WORK REQUIRED >>
The listing is to be returned word for word, without its images.

INFORMATION PROVIDED >>
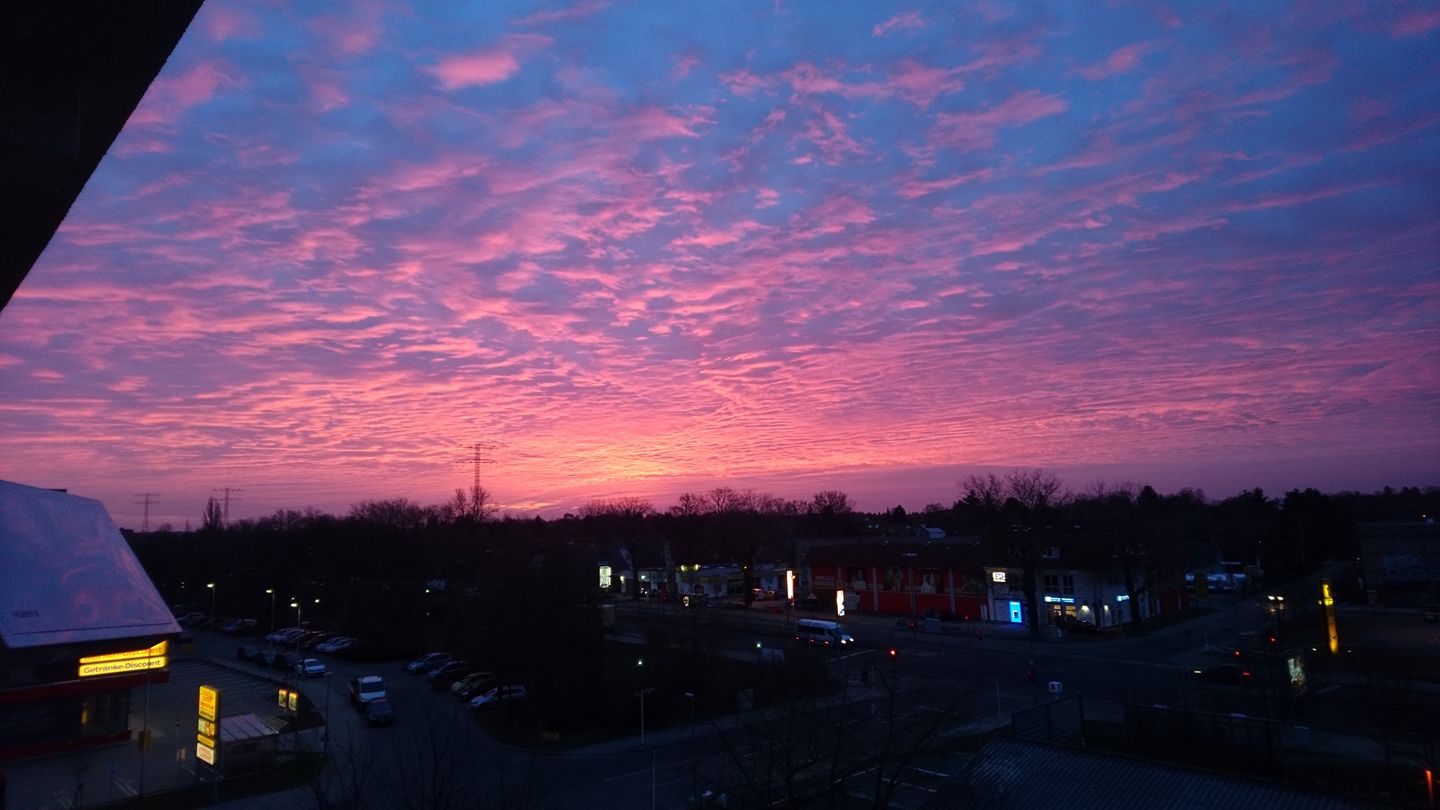Claudia H. bestaunt den Sonnenaufgang in Kaulsdorf Richtung Mahlsdorf.
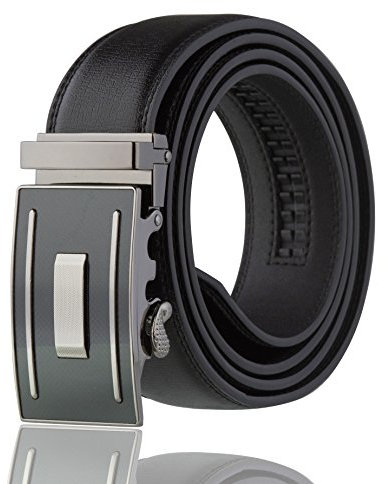 Imperial Men's Ratchet Leather Dress Belt (Gray w/silver buckle)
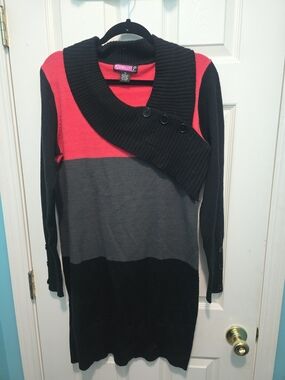 Say What? Pinkish, Gray & Black Colorblock Ribbed Cowl Sweater Dress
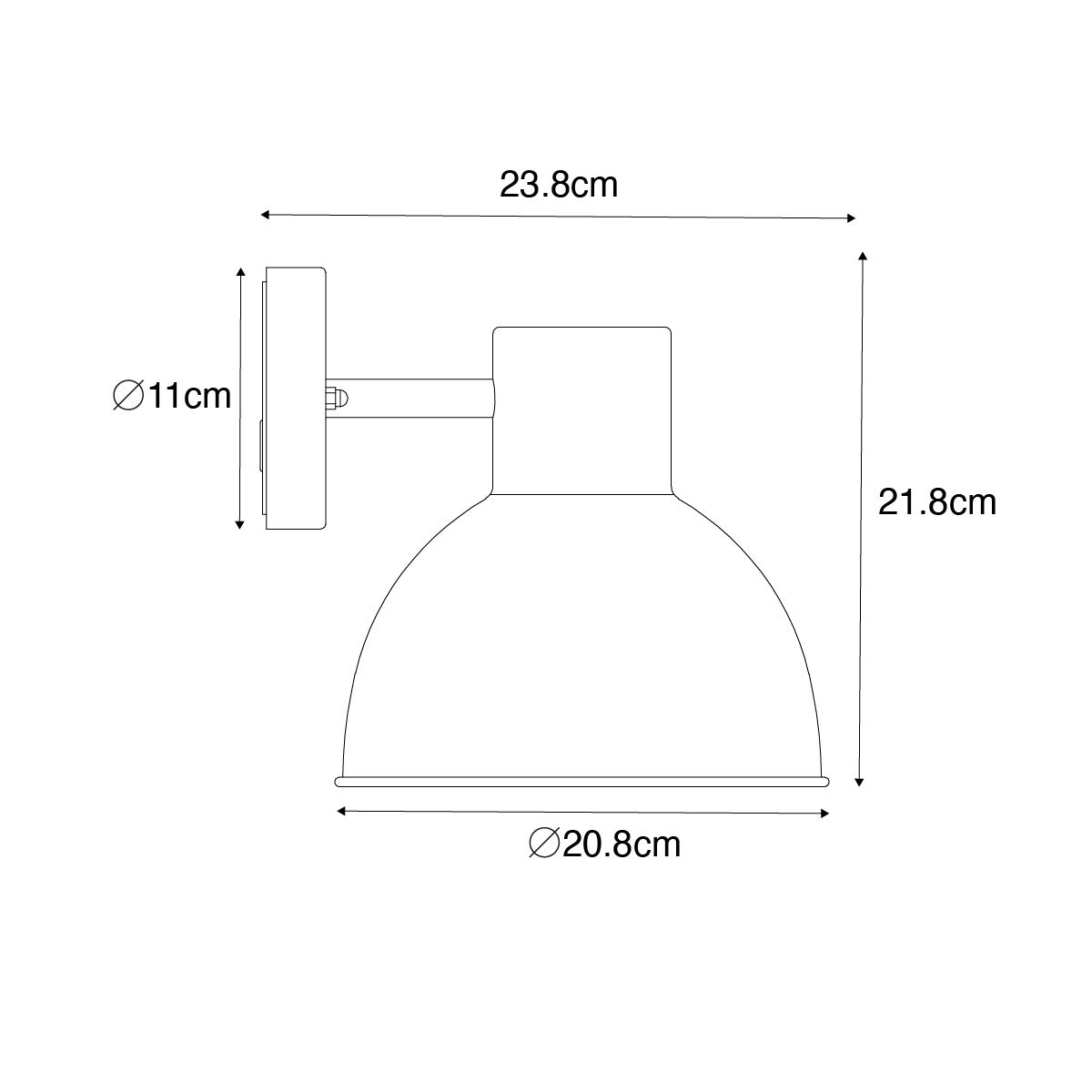 Industriële buitenwandlamp roestbruin rond IP44 - Natas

RESULT FOR THIS EXERCISE >>
Claudia H. bestaunt den Sonnenaufgang in Kaulsdorf Richtung Mahlsdorf.
 Imperial Men's Ratchet Leather Dress Belt (Gray w/silver buckle)
 Say What? Pinkish, Gray & Black Colorblock Ribbed Cowl Sweater Dress
 Industriële buitenwandlamp roestbruin rond IP44 - Natas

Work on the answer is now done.